The trick to using wood for fuel, she said, is to maintain an even fire.
“It’s all a matter of being more attentive. And you work hard,” she said,
adding that on days when she cooks at the farm, it’s understood she’s not
going to cook again at home.
Gochee’s volunteerism is diverse. She coordinates the threshing dinner for
the Duneland Harvest Festival. She’s vice-chair of the Friends of the
Indiana Dunes Board and helps put out the Singing Sands Almanac. She directs
traffic at festivals and recruits others to help out.
Further, she spearheaded the native plant garden outside the visitor center
as a living memorial to the late Friends president Christine Kostel. She
helped propagate seedlings of the rare and threatened Northern White Cedar
in her greenhouse. She’s coordinated the Harvest Festival’s candle dipping
demonstration. She’s secured grants for park habitat restoration.
She’s developed her own programs, including “Apples, Apples, Apples,” which
demonstrates the many uses of apples historically, and Historic Halloween
Fun, which is a safe, family-oriented program.
In nomination letters for the NAI award, park staffers glowingly praised
Gochee’s work.
“Because Angel’s interpretive style is warm, friendly, and down to earth,
visitors are comfortable asking questions,” wrote Deanna Ochs and Jennifer
Lute of the National Lakeshore. “Children and adults alike can relate to her
sense of humor; they leave with a smile and better understanding of historic
farm life.”
“Angel is an enthusiastic and tireless volunteer. She is always eager to
make our programs here at the Indiana Dunes State Park the best they can
possibly be,” wrote property manager Doug Wickersham.

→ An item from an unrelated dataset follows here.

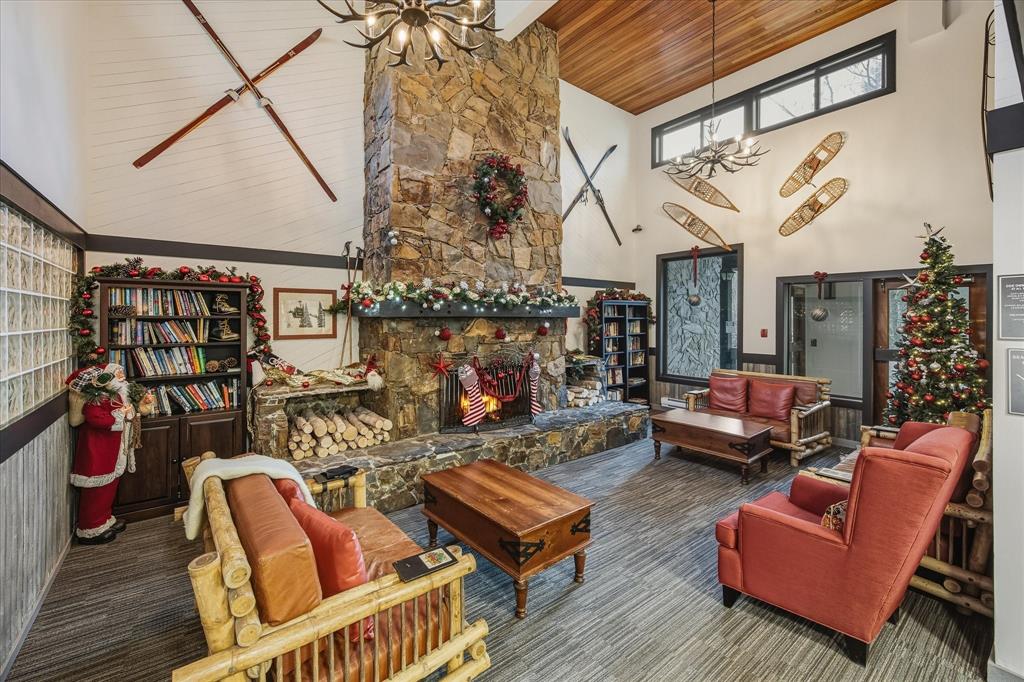 #101 – 2021 Karen Crescent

“She is always willing to extend a helping hand and ‘go the extra mile’” for
the two parks,” wrote National Lakeshore’s Laura Gundrum, Gochee’s nominator
for the award.
Gochee said she highly recommends volunteerism to anyone, even people whose
lives are already busy with work or family.
“I think you get a lot of satisfaction out of volunteering,” she said. When
kids leave the park excited about what they just learned, she said, “I know
I’ve made a difference.”
She added: “No one’s too busy that they don’t have time to help others.”